Being around my grandmother and in the center of all this old made me think about life. How we go from infancy to adulthood to only return back to infancy. Again and again this cycle replayed itself in my head. Slumped over, old, achy with everything we did, and everyone we know, dead.

My grandmother's entire family is dead. At 96 she is the only one left alive. Her children now bear the responsibility of carrying the memories of her life. It seems impossible, unimaginable that I'll be there too one day. A place in life where all your artifacts, friends and family are gone. Memories become the only thing that validate your existence. My grandmother was incredibly well liked during her life, she knew so many people, but at her funeral there will only be a handful. My grandfather died nearly 30 years ago. More years than I'm alive now. This person, this love of hers, has been gone for nearly a lifetime.

This immediately made me think of my own life. What I have, don't have, what I've done, what I haven't. My heart suddenly grasped at the desire for a boyfriend, a husband. My confident independence no longer seemed like an asset. I craved somebody. Somebody to share this existence with, someone whose existence will be shared by mine. It's what we do now that matters because in the end we're all liable to be sitting in wheel chairs, throwing weighted balls at a target on the floor, just as a means to pass the time until our heart stops beating and our eyes no longer open. I thought about the stories I haven't written. The video projects I've left incomplete. The loves I've had and had not. I thought about the stresses in our lives, the achievements and for a moment it all seemed worthless and pathetic.

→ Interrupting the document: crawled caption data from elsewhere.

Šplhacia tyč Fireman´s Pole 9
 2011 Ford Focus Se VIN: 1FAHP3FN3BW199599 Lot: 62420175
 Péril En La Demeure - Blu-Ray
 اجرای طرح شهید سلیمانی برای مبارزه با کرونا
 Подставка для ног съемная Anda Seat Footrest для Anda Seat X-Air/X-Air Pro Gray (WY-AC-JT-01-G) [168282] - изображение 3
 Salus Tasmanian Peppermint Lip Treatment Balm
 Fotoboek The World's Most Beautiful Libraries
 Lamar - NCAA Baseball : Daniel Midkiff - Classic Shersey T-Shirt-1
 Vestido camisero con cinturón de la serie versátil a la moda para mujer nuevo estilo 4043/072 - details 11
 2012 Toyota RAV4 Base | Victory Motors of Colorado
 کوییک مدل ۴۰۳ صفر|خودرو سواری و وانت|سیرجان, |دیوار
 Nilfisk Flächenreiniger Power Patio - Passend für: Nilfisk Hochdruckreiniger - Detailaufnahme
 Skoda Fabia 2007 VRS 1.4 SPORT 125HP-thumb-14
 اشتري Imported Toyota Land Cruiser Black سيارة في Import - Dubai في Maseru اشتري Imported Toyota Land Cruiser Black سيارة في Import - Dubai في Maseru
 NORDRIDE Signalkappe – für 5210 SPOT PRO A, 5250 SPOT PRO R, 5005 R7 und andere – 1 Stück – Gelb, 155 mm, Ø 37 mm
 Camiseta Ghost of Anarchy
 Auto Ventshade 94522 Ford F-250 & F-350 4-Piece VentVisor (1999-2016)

It's not like we have any other option. We must live. We must complete this cycle. Having a boyfriend or a husband isn't the benchmark of our lives, it is neither a success nor failure whether we fulfill that societal norm or not. The same goes for completing that project or getting to that level of success but to try is to live, and to play the game is to experience and when all is said and done and the decades of my life flash by like chapters in a book, I'll know what is written on those pages and those pages will be what I know of life.